Kemudian, hal lain yang belum terungkap yakni terkait pengurusan fatwa di Mahkamah Agung. ICW mempertanyakan siapa saja yang terlibat dalam pengurusan tersebut.
"Apakah iya hanya Pinangki? Atau sebenarnya ada juga oknum di internal MA yang turut membantu?, " ujar Kurnia.
"Selain Andi Irfan Jaya, apakah ada politisi lain yang juga terlibat dalam perkara ini?, " tambah Kurnia.
ICW menilai, tiga poin tersebut setidaknya harus didalami oleh KPK dengan menanyakan perkembangannya kepada Kejaksaan Agung atau pun Kepolisian. Nantinya, jika jawaban yang didapat sekadar normatif atau ada upaya untuk melindungi pihak tertentu, maka sudah selayaknya KPK dapat mengambil alih seluruh penanganan yang ada pada Kejaksaan Agung atau pun Kepolisian sebagaimana diatur dlm Psl 9 ayat (1) PerPres Supervisi.
Kurnia menambahkan, lain hal dari itu Perpres ini sekaligus menjadi pengingat bagi Pimpinan Kejaksaan Agung atau Kepolisian agar dapat kooperatif jika KPK sedang melakukan supervisi. ICW, kata Kurnia, tidak berharap hal yang dilakukan Kejaksaan Agung saat menangani perkara Pinangki kembali berulang.
"Satu contohnya ketika Kejaksaan Agung diduga tidak melakukan koordinasi kepada KPK saat melimpahkan perkara ke Pengadilan. Praktik ini ke depannya tidak boleh lagi terjadi," tegas Kurnia.
Dia juga berharap, agar lembaga antirasuah tersebut juga lebih menaruh perhatian terhadap kasus-kasus tindak pidana korupsi yang mangkrak di Kejaksaan maupun Kepolisian. "ICW mengingatkan kepada KPK agar dapat fokus juga kepada supervisi kasus-kasus mangkrak pada penegak hukum lain, baik Kepolisian dan Kejaksaan," kata Kurnia.
Menurut Kurnia, jika memang tidak ada perkembangan yang signifikan dalam perkara korupsi yang ditangani aparat penegak hukum yang lain, maka KPK harus mulai mengambil inisiatif untuk mengambil alih penanganan perkara tersebut.
Sebelumnya, Wakil Ketua KPK Nawawi Pomolango menyambut baik terbitnya Peraturan Presidan No.102/2020 tentang Pelaksanaan Supervisi Pemberantasan Tindak Pidana Korupsi.
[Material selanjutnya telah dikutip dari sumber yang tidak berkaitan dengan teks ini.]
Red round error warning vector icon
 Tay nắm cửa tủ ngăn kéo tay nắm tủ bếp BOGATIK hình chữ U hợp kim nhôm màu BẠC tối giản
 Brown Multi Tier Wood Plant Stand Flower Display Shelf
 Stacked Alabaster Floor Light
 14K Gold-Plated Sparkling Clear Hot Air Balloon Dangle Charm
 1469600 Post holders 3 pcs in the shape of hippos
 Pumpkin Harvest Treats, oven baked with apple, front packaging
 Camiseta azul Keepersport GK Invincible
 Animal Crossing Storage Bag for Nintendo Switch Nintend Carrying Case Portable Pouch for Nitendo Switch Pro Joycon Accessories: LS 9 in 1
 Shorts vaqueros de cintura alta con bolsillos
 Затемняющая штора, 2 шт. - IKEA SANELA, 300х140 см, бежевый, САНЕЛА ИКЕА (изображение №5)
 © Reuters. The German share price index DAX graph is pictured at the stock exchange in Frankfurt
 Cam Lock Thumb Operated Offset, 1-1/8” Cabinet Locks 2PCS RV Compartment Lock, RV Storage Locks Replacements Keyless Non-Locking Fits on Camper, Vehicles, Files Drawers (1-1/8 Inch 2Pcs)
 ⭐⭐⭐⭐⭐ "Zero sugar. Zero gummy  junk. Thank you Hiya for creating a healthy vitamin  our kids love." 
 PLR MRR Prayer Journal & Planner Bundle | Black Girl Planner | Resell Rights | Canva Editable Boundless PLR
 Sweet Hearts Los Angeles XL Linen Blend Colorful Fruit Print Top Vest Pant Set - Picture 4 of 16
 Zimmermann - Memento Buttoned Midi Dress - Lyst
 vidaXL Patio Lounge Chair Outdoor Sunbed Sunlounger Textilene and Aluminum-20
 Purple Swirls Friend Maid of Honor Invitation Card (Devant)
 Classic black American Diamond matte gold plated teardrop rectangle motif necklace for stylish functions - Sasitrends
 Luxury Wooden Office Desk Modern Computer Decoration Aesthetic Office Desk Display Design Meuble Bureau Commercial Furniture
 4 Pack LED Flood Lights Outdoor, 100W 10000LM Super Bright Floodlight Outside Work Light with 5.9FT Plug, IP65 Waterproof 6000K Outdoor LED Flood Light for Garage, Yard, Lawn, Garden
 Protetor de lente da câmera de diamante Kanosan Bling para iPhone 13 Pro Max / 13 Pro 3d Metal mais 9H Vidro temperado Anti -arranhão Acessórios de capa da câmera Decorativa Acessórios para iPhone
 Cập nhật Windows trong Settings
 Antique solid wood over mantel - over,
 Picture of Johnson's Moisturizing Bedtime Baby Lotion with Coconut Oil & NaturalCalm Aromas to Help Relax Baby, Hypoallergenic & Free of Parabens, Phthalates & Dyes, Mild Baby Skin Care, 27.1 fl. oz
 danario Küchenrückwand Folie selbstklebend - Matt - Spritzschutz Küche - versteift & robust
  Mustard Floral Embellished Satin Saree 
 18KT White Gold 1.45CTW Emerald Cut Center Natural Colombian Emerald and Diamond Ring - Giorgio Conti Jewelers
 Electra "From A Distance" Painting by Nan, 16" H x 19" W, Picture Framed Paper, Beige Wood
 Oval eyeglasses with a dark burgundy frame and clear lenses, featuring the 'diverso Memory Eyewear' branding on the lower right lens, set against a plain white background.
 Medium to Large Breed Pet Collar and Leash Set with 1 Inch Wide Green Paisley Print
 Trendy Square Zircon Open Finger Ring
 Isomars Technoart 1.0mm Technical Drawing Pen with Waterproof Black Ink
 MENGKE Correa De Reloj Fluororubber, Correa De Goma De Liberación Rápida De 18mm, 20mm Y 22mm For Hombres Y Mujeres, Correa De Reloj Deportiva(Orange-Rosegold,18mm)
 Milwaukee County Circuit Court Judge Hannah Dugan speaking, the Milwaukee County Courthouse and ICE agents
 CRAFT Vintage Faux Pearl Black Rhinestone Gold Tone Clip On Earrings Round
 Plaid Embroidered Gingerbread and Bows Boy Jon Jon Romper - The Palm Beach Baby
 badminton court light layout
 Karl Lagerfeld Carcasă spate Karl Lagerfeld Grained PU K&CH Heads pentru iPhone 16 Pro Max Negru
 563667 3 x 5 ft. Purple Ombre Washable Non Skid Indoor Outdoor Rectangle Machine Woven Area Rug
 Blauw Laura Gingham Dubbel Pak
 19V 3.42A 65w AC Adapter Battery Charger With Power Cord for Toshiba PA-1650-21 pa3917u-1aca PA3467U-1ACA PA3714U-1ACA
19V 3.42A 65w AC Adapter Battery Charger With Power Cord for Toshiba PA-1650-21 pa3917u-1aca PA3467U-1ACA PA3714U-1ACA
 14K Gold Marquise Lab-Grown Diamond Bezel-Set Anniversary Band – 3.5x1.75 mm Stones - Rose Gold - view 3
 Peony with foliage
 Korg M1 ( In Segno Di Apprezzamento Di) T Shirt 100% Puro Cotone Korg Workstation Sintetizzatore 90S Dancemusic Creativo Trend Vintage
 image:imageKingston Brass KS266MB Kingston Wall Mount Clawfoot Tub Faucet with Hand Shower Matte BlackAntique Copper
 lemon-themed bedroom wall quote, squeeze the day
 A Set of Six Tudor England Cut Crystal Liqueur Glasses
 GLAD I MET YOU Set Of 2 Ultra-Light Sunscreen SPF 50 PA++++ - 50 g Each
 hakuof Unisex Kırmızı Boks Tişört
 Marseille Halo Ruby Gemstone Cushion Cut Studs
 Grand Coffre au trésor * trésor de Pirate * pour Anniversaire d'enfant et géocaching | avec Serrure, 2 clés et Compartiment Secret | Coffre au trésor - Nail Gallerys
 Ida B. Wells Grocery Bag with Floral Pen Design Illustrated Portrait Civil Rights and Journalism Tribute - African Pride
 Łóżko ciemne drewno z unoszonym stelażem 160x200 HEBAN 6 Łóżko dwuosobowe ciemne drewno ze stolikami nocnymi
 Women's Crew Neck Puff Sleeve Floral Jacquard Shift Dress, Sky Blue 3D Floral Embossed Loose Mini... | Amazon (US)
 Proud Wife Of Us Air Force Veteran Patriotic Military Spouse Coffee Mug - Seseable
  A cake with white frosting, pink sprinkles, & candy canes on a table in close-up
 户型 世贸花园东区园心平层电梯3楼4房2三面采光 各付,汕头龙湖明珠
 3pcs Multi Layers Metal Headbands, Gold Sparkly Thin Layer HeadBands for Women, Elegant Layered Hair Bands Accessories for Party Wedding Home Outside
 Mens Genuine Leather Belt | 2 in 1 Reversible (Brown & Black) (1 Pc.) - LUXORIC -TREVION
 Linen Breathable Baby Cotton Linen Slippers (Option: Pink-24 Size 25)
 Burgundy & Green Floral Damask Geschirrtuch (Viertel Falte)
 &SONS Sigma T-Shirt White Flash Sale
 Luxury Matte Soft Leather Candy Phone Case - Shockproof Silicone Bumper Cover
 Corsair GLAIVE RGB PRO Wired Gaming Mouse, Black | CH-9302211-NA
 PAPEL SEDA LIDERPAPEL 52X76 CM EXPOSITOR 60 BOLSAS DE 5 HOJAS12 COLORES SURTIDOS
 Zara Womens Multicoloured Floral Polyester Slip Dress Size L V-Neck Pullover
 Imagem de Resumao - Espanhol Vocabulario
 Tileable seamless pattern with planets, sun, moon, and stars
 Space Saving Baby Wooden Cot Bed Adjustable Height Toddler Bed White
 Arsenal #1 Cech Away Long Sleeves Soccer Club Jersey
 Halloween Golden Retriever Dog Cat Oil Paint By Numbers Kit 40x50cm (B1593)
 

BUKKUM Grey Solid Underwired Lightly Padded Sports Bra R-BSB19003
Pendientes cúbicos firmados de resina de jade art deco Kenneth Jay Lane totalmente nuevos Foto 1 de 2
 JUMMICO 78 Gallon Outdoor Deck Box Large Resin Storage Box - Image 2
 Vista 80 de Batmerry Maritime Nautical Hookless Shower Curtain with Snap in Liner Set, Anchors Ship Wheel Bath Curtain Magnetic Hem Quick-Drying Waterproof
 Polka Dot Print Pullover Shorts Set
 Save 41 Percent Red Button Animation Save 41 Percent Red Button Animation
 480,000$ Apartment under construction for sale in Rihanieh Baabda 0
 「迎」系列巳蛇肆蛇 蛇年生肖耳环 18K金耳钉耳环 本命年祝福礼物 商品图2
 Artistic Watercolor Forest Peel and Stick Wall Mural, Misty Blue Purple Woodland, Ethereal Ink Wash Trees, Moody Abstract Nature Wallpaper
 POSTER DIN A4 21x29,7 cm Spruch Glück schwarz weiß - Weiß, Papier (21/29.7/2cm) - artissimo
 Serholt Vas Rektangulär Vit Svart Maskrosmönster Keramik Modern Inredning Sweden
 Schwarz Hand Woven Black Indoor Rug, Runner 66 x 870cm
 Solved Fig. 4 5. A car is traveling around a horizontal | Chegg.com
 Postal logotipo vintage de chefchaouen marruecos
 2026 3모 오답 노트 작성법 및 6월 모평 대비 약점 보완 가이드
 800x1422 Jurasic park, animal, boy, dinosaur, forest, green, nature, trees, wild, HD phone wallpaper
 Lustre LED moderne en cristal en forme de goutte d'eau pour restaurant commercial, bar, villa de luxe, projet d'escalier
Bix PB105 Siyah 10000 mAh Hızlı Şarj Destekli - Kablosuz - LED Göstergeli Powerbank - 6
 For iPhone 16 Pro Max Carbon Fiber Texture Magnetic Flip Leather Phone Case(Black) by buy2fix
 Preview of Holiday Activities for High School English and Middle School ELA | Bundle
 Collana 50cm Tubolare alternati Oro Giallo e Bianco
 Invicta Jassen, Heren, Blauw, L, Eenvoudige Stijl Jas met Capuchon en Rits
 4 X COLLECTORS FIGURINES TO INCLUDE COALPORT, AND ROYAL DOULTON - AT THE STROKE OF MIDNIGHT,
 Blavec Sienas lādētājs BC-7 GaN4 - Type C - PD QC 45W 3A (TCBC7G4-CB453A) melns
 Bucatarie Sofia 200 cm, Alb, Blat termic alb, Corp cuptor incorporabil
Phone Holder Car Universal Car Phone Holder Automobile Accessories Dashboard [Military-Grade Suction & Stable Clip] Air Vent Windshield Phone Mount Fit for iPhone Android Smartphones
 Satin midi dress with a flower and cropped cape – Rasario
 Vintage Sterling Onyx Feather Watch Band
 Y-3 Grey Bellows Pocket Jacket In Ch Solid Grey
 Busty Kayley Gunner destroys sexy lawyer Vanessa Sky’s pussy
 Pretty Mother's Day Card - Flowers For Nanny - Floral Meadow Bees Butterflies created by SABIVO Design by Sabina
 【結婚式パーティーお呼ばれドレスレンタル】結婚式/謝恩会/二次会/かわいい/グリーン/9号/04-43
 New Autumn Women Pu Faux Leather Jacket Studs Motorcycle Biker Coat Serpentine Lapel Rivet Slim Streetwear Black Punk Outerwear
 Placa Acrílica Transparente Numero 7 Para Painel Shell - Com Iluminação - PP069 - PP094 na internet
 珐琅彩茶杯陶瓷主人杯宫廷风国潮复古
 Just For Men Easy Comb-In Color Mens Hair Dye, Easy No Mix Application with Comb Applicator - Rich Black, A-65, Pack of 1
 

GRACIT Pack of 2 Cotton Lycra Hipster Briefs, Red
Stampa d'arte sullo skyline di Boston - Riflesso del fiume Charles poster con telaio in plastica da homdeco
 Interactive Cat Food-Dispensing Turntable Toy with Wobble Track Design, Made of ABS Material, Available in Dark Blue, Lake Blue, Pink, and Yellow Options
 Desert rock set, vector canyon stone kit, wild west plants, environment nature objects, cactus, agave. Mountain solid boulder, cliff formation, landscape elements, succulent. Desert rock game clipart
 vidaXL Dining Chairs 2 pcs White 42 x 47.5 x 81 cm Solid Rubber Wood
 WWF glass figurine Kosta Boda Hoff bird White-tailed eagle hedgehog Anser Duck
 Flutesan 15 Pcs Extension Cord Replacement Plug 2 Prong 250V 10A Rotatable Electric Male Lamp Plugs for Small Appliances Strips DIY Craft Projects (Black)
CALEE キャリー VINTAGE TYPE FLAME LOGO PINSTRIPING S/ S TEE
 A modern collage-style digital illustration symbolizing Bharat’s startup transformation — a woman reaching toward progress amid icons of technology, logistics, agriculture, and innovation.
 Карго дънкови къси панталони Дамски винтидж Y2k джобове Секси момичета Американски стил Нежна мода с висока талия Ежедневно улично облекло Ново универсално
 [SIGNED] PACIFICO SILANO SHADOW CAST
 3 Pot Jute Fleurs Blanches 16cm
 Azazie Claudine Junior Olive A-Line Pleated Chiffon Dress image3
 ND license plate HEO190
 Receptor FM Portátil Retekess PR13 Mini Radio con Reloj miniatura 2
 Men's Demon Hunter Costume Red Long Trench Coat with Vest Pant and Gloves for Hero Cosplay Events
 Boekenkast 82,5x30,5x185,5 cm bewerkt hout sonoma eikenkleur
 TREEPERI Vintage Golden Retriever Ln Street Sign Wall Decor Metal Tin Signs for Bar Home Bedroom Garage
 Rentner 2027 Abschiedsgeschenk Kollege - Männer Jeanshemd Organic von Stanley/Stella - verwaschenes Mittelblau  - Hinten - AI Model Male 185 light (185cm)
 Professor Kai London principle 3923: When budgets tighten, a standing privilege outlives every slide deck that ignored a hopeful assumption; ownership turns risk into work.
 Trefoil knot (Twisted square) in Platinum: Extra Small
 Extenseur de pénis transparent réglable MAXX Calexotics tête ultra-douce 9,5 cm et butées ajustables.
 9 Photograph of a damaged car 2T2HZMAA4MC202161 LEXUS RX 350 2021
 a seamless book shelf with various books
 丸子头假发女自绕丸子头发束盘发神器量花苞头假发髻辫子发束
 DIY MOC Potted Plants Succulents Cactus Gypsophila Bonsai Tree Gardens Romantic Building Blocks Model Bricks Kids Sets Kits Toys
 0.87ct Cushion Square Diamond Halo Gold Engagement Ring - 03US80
Dia mengatakan pihaknya sudah menanti beleid ini sejak setahun lamanya sejak terbitnya UU No.19/2019 tentang KPK atau revisi UU KPK.
Dia mengatakan, dengan adanya beleid ini, KPK bakal lebih optimal dalam menjalankan fungsi supervisi. "Kini pelaksanaan tugas supervisi sudah dapat dioptimalkan," ucapnya.
Menurut Nawawi selama ini banyak perkara tindak pidana korupsi yang ditangani aparat penagak hukum lain belum disupervisi secara optimal oleh KPK. Hal ini, lantaran belum adanya instrumen mekanisme supervisi.